Scientists on Wednesday announced the discovery of 715 new exoplanets. As the largest windfall of validated planets the space agency has ever revealed at one time, it doubles the number of planets known to humanity outside our solar system.
All of these planets exist within multi-planet systems similar to our own, and 95 percent are smaller than Neptune. Four are even within the habitable zone, which means they could theoretically support life-giving liquid water on their surfaces.
“We’ve been able to open the bottleneck to access the mother lode and deliver to you more than 20 times the planets than had ever been announced previously,” said Jack Lissauer, planetary scientist at NASA Ames Research Center.
Finding the Mother Lode
Kepler’s latest delivery opens up fresh territory, allowing astronomers to study both individual planets and their configurations within planetary systems.
Since Kepler launched in March 2009, it has identified more than 3,600 possible exoplanets, but most have yet to be confirmed — a process that requires further observation of each candidate world. To this point, confirming planets has been a laborious, slow process. However, scientists used a new statistical technique to open the bottleneck and find hundreds of new planets with relative ease.

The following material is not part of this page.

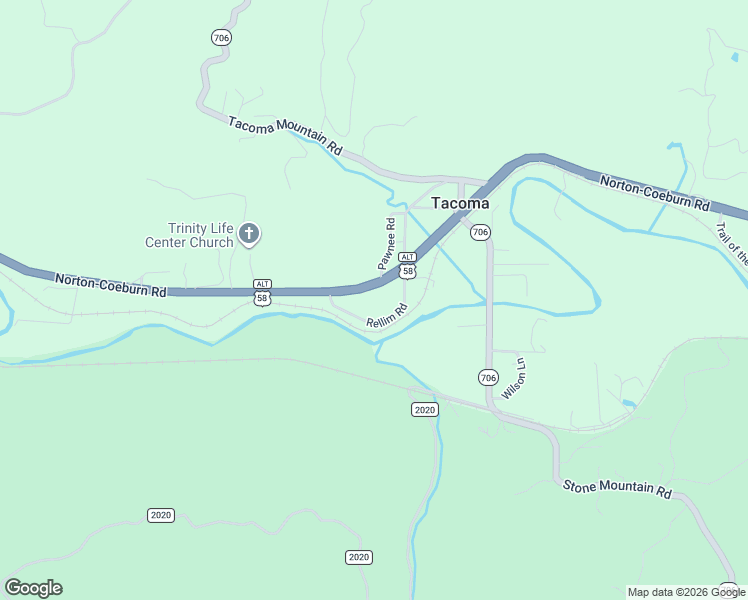 map of restaurants, bars, coffee shops, grocery stores, and more near 10018 Norton-Coeburn Road in Coeburn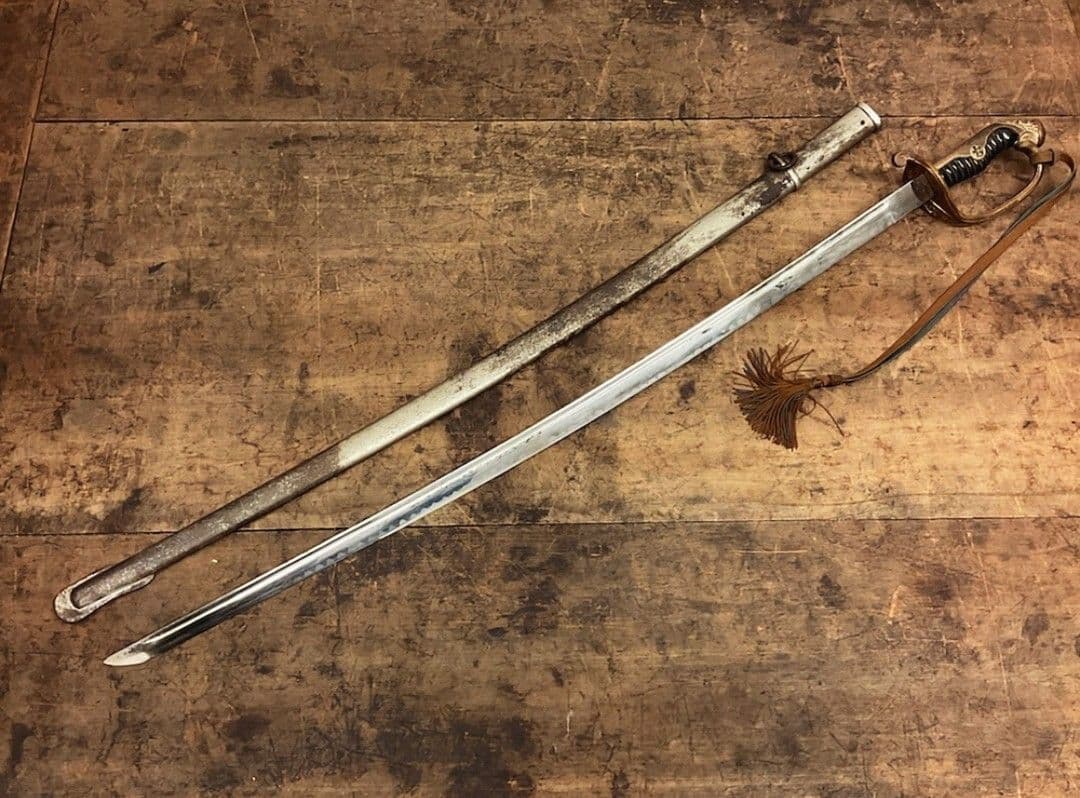 【当時物】日本軍 帝国陸軍 軍刀 指揮刀 模造刀 模造刀身 サーベル【刀緒付②】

Kepler detects planetary candidates by measuring the brief dimming of a star’s brightness as an object passes in front of it, which is called the transit method. This scientific trick is more than 90 percent accurate, but non-planetary bodies can show up as false positives — like when one star crosses in front of another in a binary system.
The new technique, called verification by multiplicity, allowed scientists to weed out instances that couldn’t possibly have been caused by eclipsing stars, eliminating the false-positive problem.

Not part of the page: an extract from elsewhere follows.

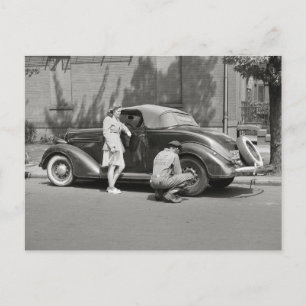 Reparaturservice für Auto, 1942 Postkarte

Verification by Multiplicity
The multiplicity method relies partly on the logic of probability. Distinguishing between a planet orbiting a star and a star orbiting a star is difficult. But when a third body appears in a transit signal, the chance it is another star is less than 1 percent. A trio of orbiting stars likely wouldn’t line up the way Kepler likes, with two stars passing directly in front of the third, blocking its light and creating the dips that Kepler sees. So when astronomers see Keplerian evidence of a third body, they can be almost certain they’ve found more planets.
Kepler observed hundreds of stars with multiple planet candidates, and careful study of this sample allowed scientists to verify this next big batch of worlds.
“We built upon a lot of past work that has been vetted and reused by the community,” said Sara Seager, professor of Physics and Planetary Science at MIT. “It has a new aspect to it based on probability.”
The multiplicity technique will help scientists efficiently pore through the remaining two years of data from Kepler, which will likely yield hundreds more verified exoplanets.